→ Description of the task: Could you print each line of the material below exactly?

→ Source material:
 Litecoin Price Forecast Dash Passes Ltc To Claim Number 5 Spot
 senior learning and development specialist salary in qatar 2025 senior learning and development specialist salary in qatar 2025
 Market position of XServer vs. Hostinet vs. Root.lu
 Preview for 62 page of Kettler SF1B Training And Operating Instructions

→ Solution to this problem:
 Litecoin Price Forecast Dash Passes Ltc To Claim Number 5 Spot
 senior learning and development specialist salary in qatar 2025 senior learning and development specialist salary in qatar 2025
 Market position of XServer vs. Hostinet vs. Root.lu
 Preview for 62 page of Kettler SF1B Training And Operating Instructions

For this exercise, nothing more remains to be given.